Fraud-Control Expenses and Chargebacks Consume More of Merchants’ Revenues

Fraud-related expenses for merchants are rising as a percentage of revenues, and merchants now spend 10 times as much preventing fraud as they lose to chargebacks, according to new findings from Javelin Strategy & Research.

Pleasanton, Calif.-based Javelin says its June study of 497 e-commerce merchants found that merchants in 2017 are losing 8% of their revenues to fraud, up from 7.6% reported in a similar survey last year. But loses vary considerably by merchant type.

All the merchants polled online for the study earn $1 million or more annually. Some 142 of the merchants sell only digital goods, 155 sell only physical goods, and 200 are hybrids selling both types of goods. The study was commissioned by Portland, Ore.-based fraud-control technology provider Vesta Corp., which Javelin says had no influence on the findings.

Digital-goods merchants are losing 9.7% of their revenues to fraud-related expenses this year, up from 8.6% in 2016. Comparable 2017 and 2016 figures for physical-goods merchants are 7.7% and 6%. Hybrid merchants actually saw their fraud-related expenses decline to 7.1% of revenues versus 8.1% last year.

For all merchants, fraud management remains the biggest single component of all fraud-related expenses.
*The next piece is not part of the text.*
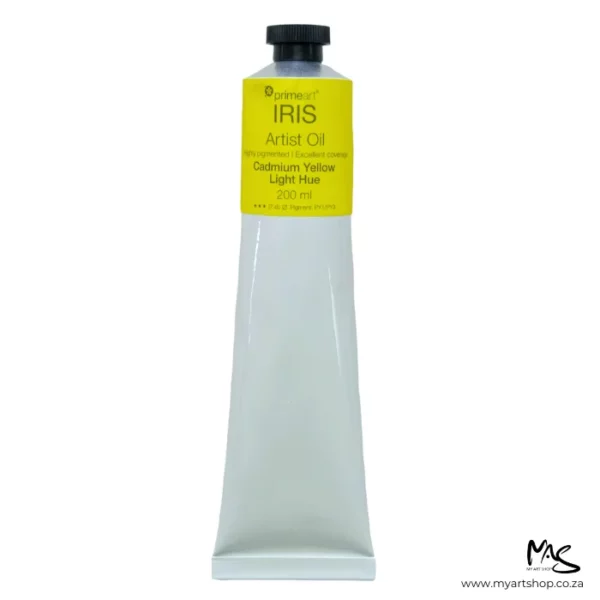 A tube of Cadmium Yellow Light Hue Iris Oil Paint 200ml is seen standing vertically in the center of the frame. The tube is white and has a band of colour around the top of the tube that indicates the colour of the paint. The tube has a black plastic screw top. On a white background.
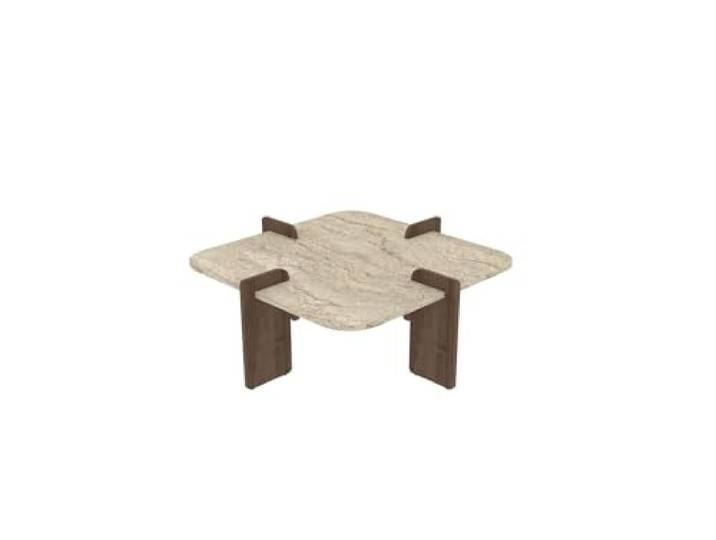 Hanah Home Modern Coffee Table, 90 x 35 x 90 cm, Travertine & Walnut Colors 100% Melamine Coated Chipboard Stylish & Functional Design for Any Living Space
For the total group, risk management is consuming 5.9% of revenues this year, up from 5.6% in 2016. Two other major components both rose only slightly: chargebacks to 0.6% of revenues, and losses from false positives to 1.6%.

As has been the case since the dawn of e-commerce more than two decades ago, digital-goods sellers have more fraud expenses than physical retailers. Javelin found that digital-only merchants this year are devoting 6.9% of revenues to fraud control, 0.8% to chargebacks, and 2% to false positives, all up from 2016. Physical goods sellers report spending 5.7% of revenues on fraud control, 0.7% on chargebacks, and 1.4% on false positives, also up across the board.

The hybrid merchants, however, saw expenses drop in all three categories: 5.3% for risk control, down from 5.8% in 2016; 0.4% for chargebacks versus 0.7% last year, and 1.3% for false positives, down from 1.6%.

As a percentage of operational costs, fraud-related expenses for the whole group rose to 21% from 18% last year. “This increase was greatest among physical goods merchants, likely due to the costs associated with the recent EMV deployment at point-of-sale locations,” the survey summary says. The report adds that the delayed implementation of EMV chip card-reading terminals saddled some merchants with physical stores with more chargebacks.

In other findings, the study says 75% of merchants this year are using user-name and password combinations for customer account access, up from 65% last year despite increasing reports about the weaknesses of that access method. Most merchants use a variety of other protection measures too. Some 45% report using two-factor authentication this year, up from 40% in 2016.